Although the ideal in America today is an extrovert who is "gregarious, alpha and comfortable in the spotlight, nearly half of the citizens in this country are introverts who are cerebral, quiet, emotionally complex, and very sensitive." These are the views of Susan Cain, a former Wall Street Attorney, who has spent five years researching the positive and negative sides to being shy and introverted. Here are some of the famous introverts in history: Vincent Van Gogh, Frederic Chopin, Mahatma Gandhi, Al Gore, Eleanor Roosevelt, J. K. Rowling, Steven Spielberg, and Steve Wozniak.
How we got to the present scene has been orchestrated by the shift from an emphasis on character (duty, work, morals, manners) to the cult of personality (magnetic, attractive, dominant, energetic). To illustrate the extrovert philosophy, Cain profiles self-help guru Tony Robbins and visits Dale Carnegie's birthplace, Harvard Business School, and an Evangelical Megachurch.
The author has coined the term "Groupthink" to describe a new emphasis in business, schools, and even churches to emphasize small group activity over individuality, collaboration over singular effort, and brainstorming over reading. In all of this, introverts are under-valued and extroverts over-prized. Cain adds more to her fuel to the fire with chapters on the psychology of temperament and a cross-cultural look at Western cultures where the individual is adored and in Eastern cultures where the group is enshrined.
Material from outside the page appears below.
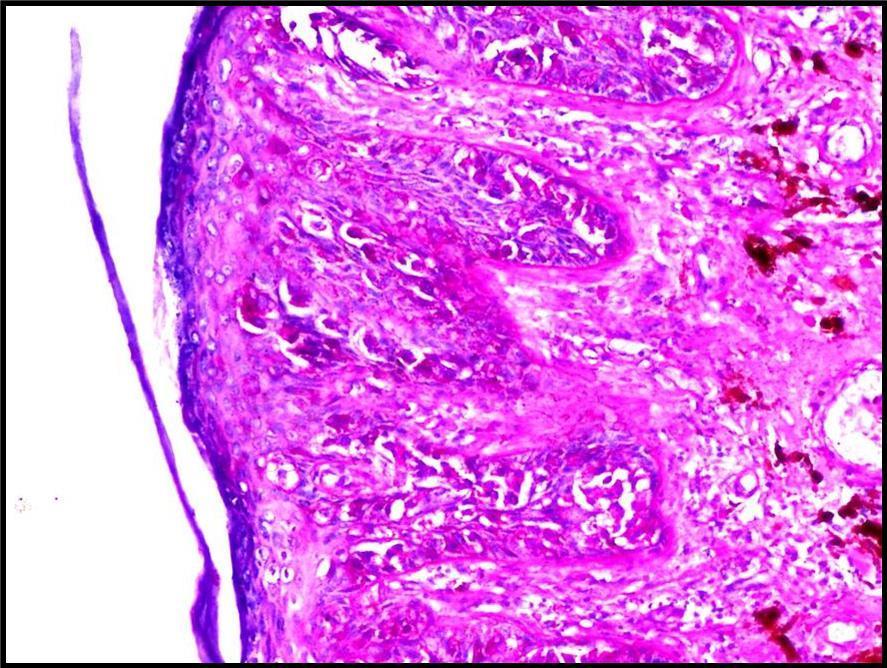 A malignant counterpart of almost every skin adnexal tumors has been described.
Anais Nin is quoted in the book as saying: "Our culture made a virtue of living only as extroverts. We discouraged the inner journey, the quest for a center. So we lost our center and have to find it again." Cain makes a good case for a greater recognition in our society for quiet leadership, the creative milieu of solitude, and the need to honor the character qualities of thoughtfulness, sensitivity, and gentleness. Long live the introverts of the world!